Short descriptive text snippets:
▬▬▬▬▬▬

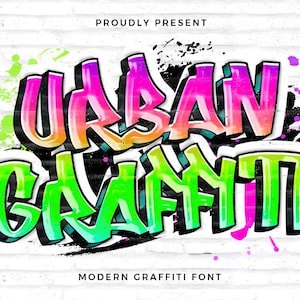 May include: Urban Graffiti font in a colorful, stylized design with a brick wall background. The text is in a bold, graffiti-style font with pink, orange, green, and blue colors.
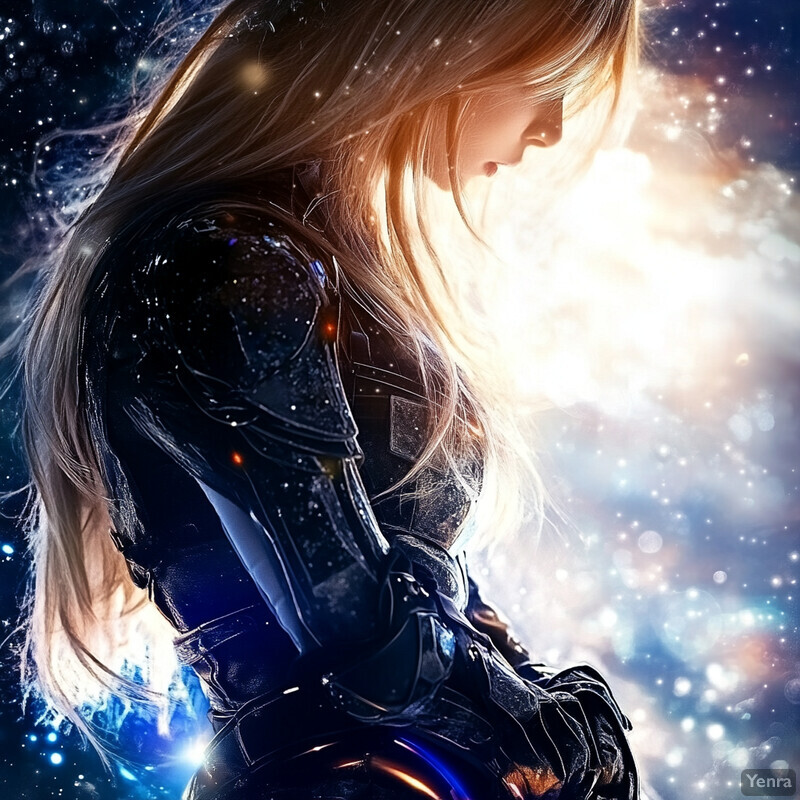 A woman with long blonde hair and a black leather jacket stands in front of a starry night sky, bathed in a warm light.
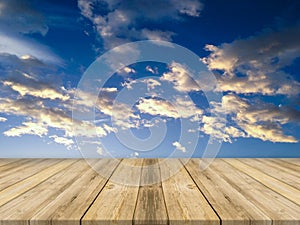Blue Sky with clouds and woodfloor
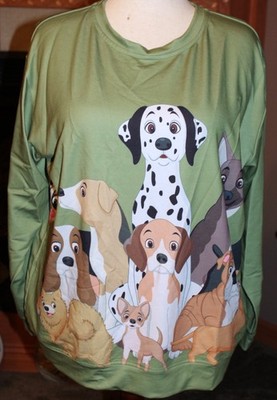 1X NWT Women's Pixie Lady Dogs Green Crewneck LS  Top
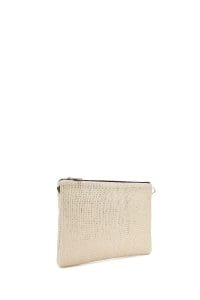 کیف کلاچ زنانه طلایی بند بلند زنجیری حصیری دری مد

▬▬▬▬▬▬

[Task prompt]
Write out the data in full and exactly as given, though without the images.

[Output for this exercise]
 May include: Urban Graffiti font in a colorful, stylized design with a brick wall background. The text is in a bold, graffiti-style font with pink, orange, green, and blue colors.
 A woman with long blonde hair and a black leather jacket stands in front of a starry night sky, bathed in a warm light.
Blue Sky with clouds and woodfloor
 1X NWT Women's Pixie Lady Dogs Green Crewneck LS  Top
 کیف کلاچ زنانه طلایی بند بلند زنجیری حصیری دری مد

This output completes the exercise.